Trump e la CIA in Venezuela

L’ammissione del tycoon di aver autorizzato operazioni della CIA sul suolo venezuelano solleva gravi interrogativi sul rispetto della sovranità nazionale e sul ruolo degli Stati Uniti nello scenario geopolitico globale.

Con una nonchalance disarmante, Donald Trump ha confermato mercoledì di aver autorizzato la CIA a operare in Venezuela. Una dichiarazione che, più di qualsiasi analisi, mostra l’approccio spregiudicato e muscolare del presidente americano nei confronti della sovranità altrui. Dietro il consueto linguaggio diretto si cela una realtà ben più preoccupante: la sistematica violazione del diritto internazionale e la riaffermazione di una visione del mondo in cui Washington si arroga il diritto di decidere chi deve governare in America Latina.

Non va dimenticato che il Venezuela possiede i giacimenti petroliferi più grandi al mondo, una risorsa strategica che da sempre attrae l’interesse delle potenze straniere. Il controllo di queste immense riserve energetiche rappresenta una delle chiavi del conflitto geopolitico: dietro le motivazioni ufficiali spesso si nasconde la volontà di assicurarsi l’accesso a un patrimonio naturale che potrebbe ridisegnare gli equilibri globali dell’energia.

Trump ha giustificato l’azione della CIA sostenendo che il Venezuela “ha svuotato le sue prigioni negli Stati Uniti” e che il paese “inonda l’America di droga”. Argomentazioni fragili, che riecheggiano i toni allarmistici e semplificatori con cui Trump ha spesso affrontato questioni di politica estera. Più che una strategia di sicurezza nazionale, le sue parole sembrano una mossa propagandistica, tesa a rafforzare la propria immagine di “uomo forte” capace di agire senza esitazione, anche al di fuori delle regole.

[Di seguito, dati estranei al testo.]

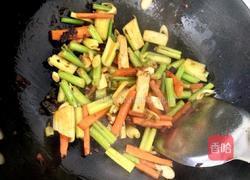芹菜炒豆干的做法图解6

Il problema, tuttavia, è che tali “regole” non sono semplici convenzioni politiche: rappresentano i pilastri della convivenza internazionale. Autorizzare operazioni letali della CIA in un altro Stato, senza il consenso del governo legittimo, costituisce una violazione flagrante della sovranità venezuelana e della Carta delle Nazioni Unite. Un atto che riporta alla mente i periodi più bui dell’interventismo statunitense, quando la “difesa della libertà” serviva da pretesto per destabilizzare governi non allineati, spesso con un occhio ai tesori naturali che quei paesi custodivano.

Non è la prima volta che Trump agisce in questa direzione. Già durante il suo primo mandato, aveva imposto sanzioni economiche durissime contro Caracas, spingendo l’economia venezuelana sull’orlo del collasso e aggravando la crisi umanitaria. Oggi, con la conferma di queste operazioni segrete, il confine tra pressione diplomatica e guerra clandestina appare sempre più labile.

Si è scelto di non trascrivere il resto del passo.